Problem to work on -> Retype the listing exactly, with no images.

Dataset section ->
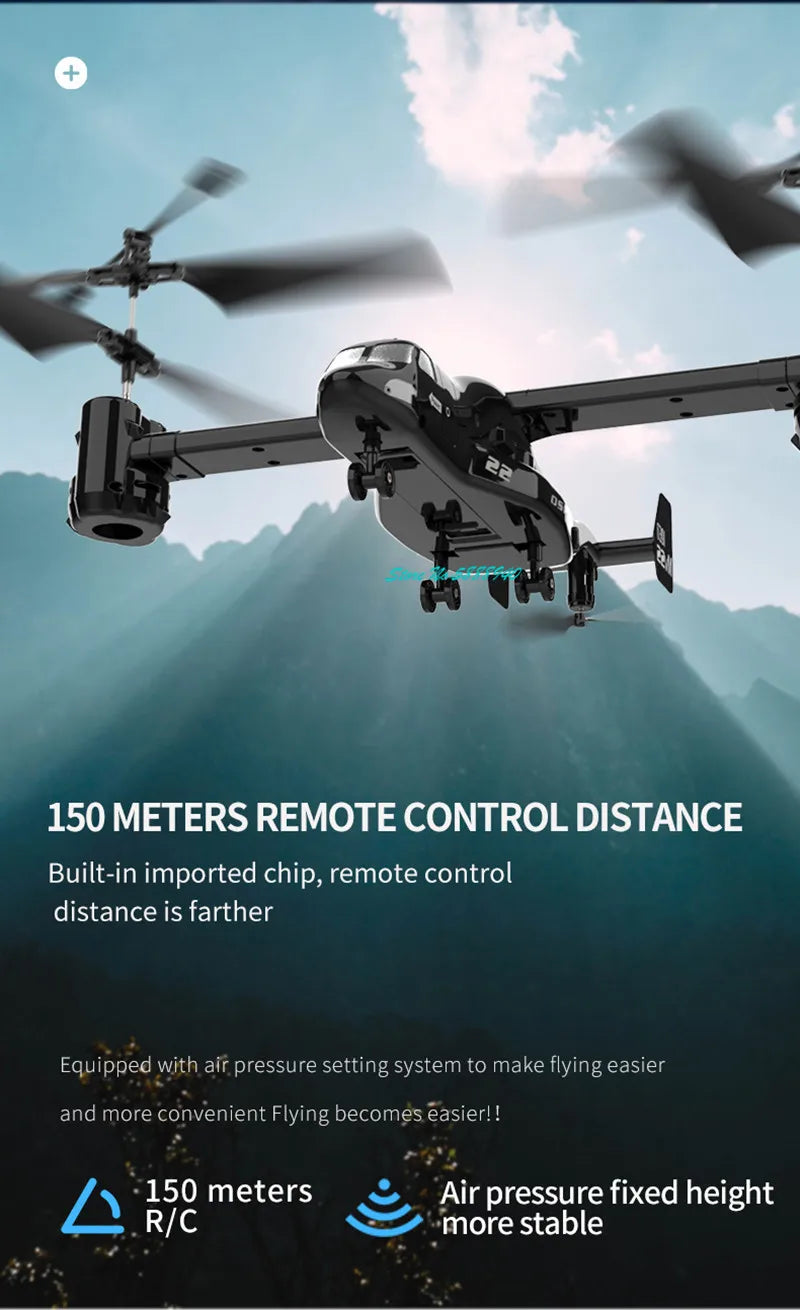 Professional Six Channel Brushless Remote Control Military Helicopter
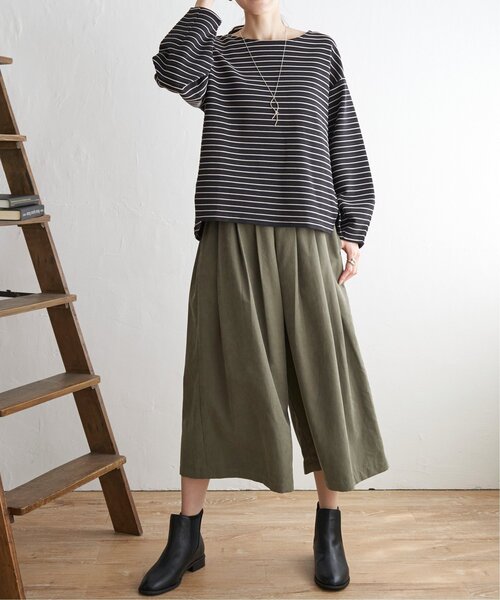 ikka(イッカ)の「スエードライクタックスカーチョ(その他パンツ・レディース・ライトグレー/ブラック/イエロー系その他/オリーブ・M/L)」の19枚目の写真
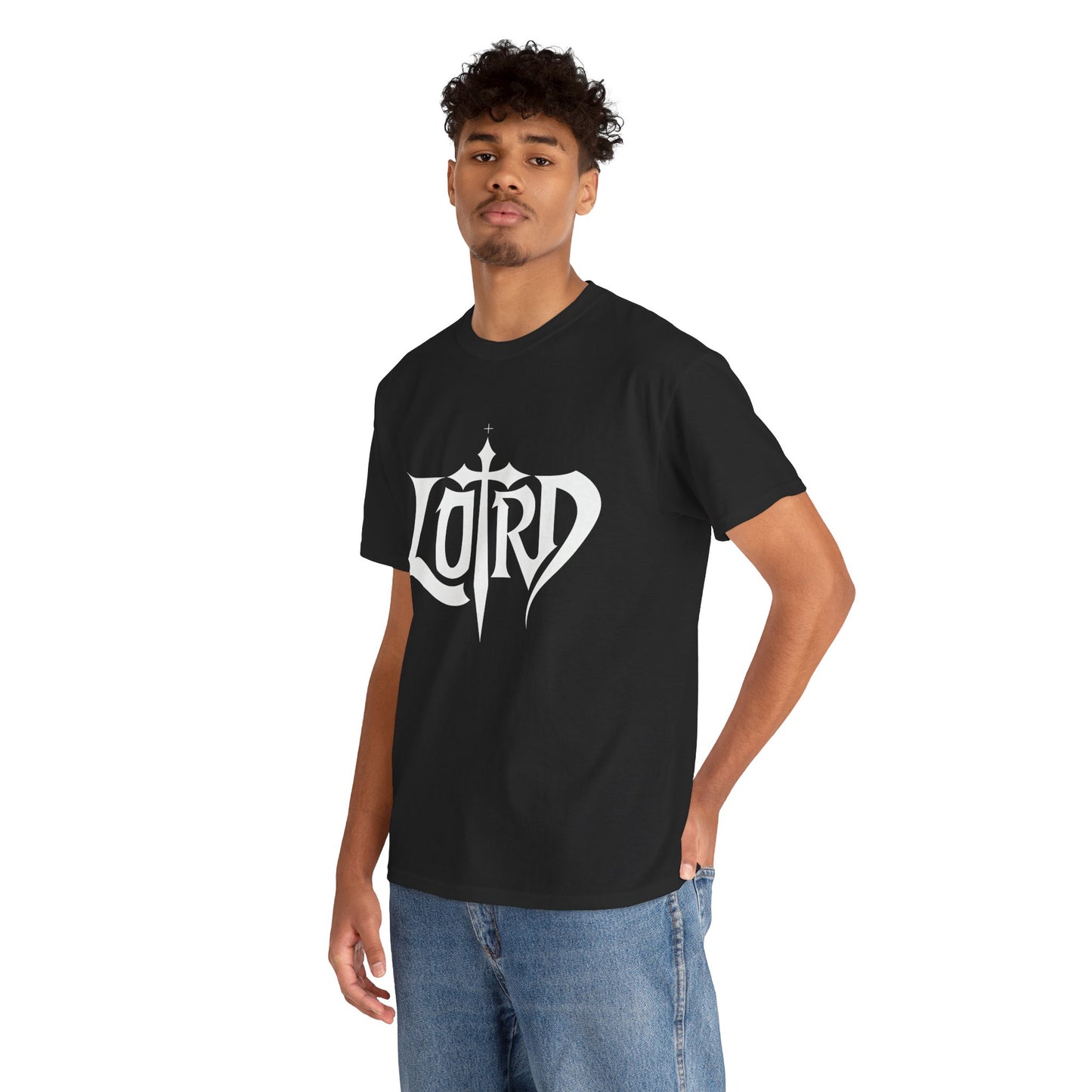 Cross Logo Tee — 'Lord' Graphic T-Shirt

Task response ->
 Professional Six Channel Brushless Remote Control Military Helicopter
 ikka(イッカ)の「スエードライクタックスカーチョ(その他パンツ・レディース・ライトグレー/ブラック/イエロー系その他/オリーブ・M/L)」の19枚目の写真
 Cross Logo Tee — 'Lord' Graphic T-Shirt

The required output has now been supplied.